Lichtjaren werd genomineerd voor de Libris Literatuurprijs 2005. Uit het juryrapport:
‘Stephan Enter werkt het klassieke thema van een verloren gegane liefde subtiel uit, via een spel van motieven, variaties en hernemingen die zijn roman tot een raadselachtige puzzel van elementen maken. Daarbij schuwt de auteur doelbewust alle oppervlakkig sentiment. Integendeel, hij vraagt van zijn lezers een bijzondere inspanning door de wijze waarop de zinnen zich associatief, in een traag ritme aan elkaar rijgen, door zijn precieus taalgebruik, door zijn voortdurende nuances en hernemingen. De obsessionele poging van Nils om vat te krijgen op zijn verleden en op zichzelf wordt zo ook de ervaring waaraan de lezer wordt overgeleverd.

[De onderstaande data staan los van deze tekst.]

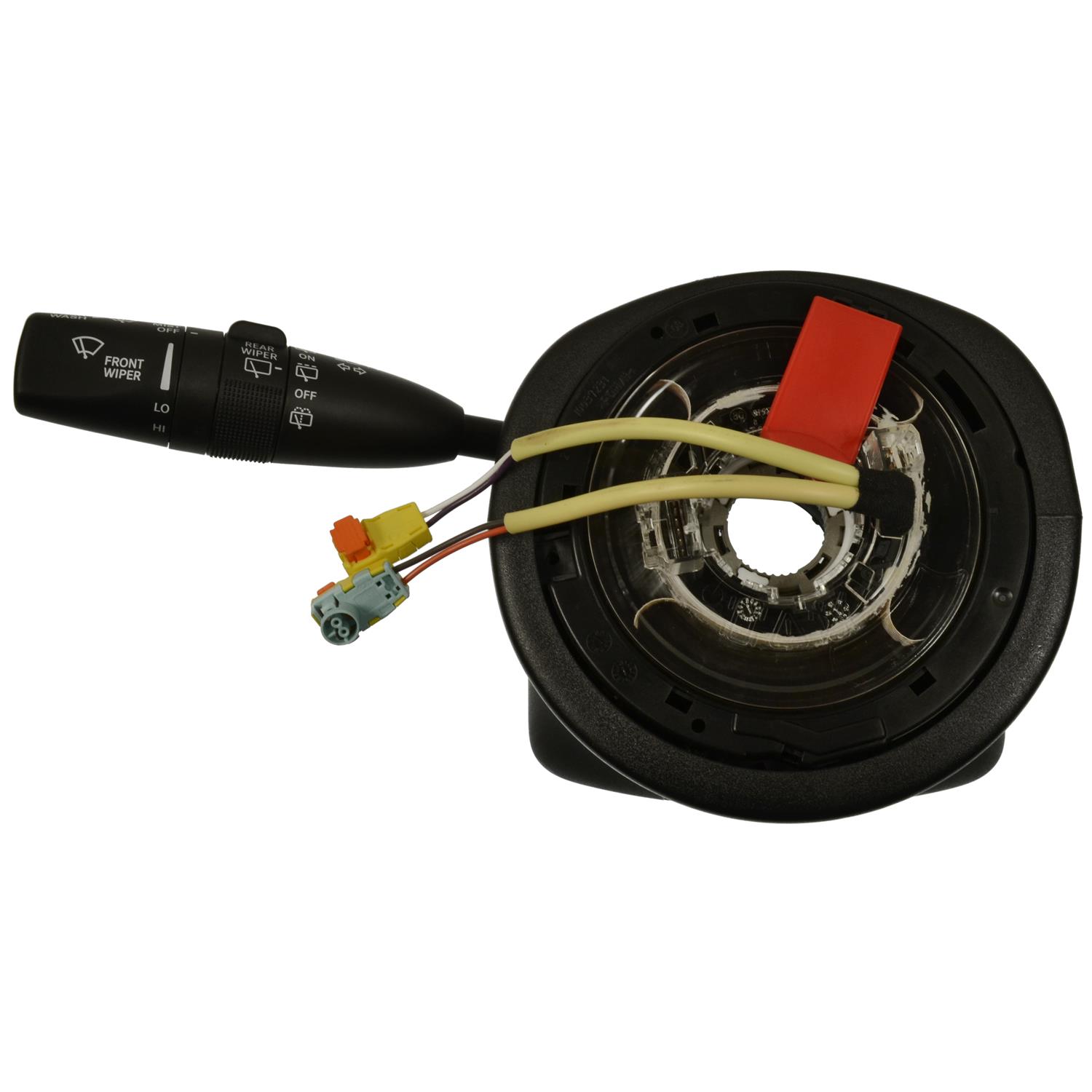Multi-Function Switch Standard Ignition CBS2365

Lichtjaren is daardoor een bijzonder geslaagde en gelaagde roman, die noopt tot herlezen, herdenken en vasthouden.’

Jeroen Vullings in Vrij Nederland: ‘Het excellent geschreven Lichtjaren vergt een trager leestempo dan veel andere contemporaine Nederlandse romans. Een dergelijke aanpak staat in onze huidige literaire conjunctuur, op breindood gemak en efficiënt boekhoudersproza gericht als zij is, zo ongeveer gelijk aan een subversieve daad. [...] Hij heeft het zich in zijn tweede boek op geen enkele wijze gemakkelijk gemaakt en het resultaat is ernaar: Enter is in het diepe gesprongen en als een rijpere en betere schrijver bovengekomen.’

En Cyrille Offermans in Ons Erfdeel: ‘Enter is een omzichtige schrijver, aan het opzichtige heeft hij een hekel, het lijkt hem eerder te gaan om minieme bewegingen van licht en schaduw, van wolkenformaties of wateroppervlakten – maar ook van ogen en monden, handen en voeten. Toch is Enter geen impressionist: de waarneming van al die minieme bewegingen staat in dienst van een verfijne, dynamische psychologie.’ En: ‘Groots is dit boek in de microanalytische beschrijving van iemands machteloosheid ten aanzien van wendingen in zijn leven die hem diep ongelukkig maken.’
                                                                                                                                                                                                    (Tekst Uitgeverij Van Oorschot)


Lichtjaren werd genomineerd voor de Shortlist van de Libris Prijs 2005 en de Gerard Walschapprijs 2005.